> **WORK ITEM**
Every line with "view" in it must be copied from the data.

====

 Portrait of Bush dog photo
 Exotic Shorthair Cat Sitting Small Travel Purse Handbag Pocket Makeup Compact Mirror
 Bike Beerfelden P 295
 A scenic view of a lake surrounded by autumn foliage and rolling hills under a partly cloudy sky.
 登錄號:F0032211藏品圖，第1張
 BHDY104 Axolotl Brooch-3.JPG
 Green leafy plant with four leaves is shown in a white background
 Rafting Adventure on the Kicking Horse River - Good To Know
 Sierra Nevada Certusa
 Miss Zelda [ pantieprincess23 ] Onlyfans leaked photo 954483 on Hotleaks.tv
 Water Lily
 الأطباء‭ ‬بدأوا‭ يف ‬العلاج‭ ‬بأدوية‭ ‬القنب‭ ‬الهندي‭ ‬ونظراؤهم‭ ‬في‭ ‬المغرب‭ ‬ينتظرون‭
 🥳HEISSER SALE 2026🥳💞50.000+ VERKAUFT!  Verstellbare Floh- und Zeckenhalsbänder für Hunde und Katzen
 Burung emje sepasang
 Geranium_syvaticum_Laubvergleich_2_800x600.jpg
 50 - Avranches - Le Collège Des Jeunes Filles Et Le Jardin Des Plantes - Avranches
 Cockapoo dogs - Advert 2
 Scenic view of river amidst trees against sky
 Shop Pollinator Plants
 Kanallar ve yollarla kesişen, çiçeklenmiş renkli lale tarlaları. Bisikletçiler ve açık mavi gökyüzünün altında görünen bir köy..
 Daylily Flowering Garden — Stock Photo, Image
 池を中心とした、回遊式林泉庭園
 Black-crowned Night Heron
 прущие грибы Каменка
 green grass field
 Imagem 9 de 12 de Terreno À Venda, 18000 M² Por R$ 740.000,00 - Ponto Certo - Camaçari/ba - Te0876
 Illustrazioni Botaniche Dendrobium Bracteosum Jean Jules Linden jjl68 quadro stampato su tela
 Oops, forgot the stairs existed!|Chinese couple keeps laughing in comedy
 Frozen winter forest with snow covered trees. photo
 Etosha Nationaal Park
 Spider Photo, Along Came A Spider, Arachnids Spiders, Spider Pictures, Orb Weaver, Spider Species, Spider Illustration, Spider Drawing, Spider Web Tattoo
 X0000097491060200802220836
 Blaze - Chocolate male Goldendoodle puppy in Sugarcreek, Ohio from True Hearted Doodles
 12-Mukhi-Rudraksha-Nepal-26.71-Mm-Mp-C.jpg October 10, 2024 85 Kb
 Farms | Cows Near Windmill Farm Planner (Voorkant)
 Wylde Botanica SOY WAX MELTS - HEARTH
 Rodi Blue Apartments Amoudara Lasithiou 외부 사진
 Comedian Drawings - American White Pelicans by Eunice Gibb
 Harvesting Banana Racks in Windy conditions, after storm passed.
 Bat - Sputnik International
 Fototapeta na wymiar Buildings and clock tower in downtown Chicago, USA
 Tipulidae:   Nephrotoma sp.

====

> **RESPONSE TO THE TASK**
 A scenic view of a lake surrounded by autumn foliage and rolling hills under a partly cloudy sky.
 Scenic view of river amidst trees against sky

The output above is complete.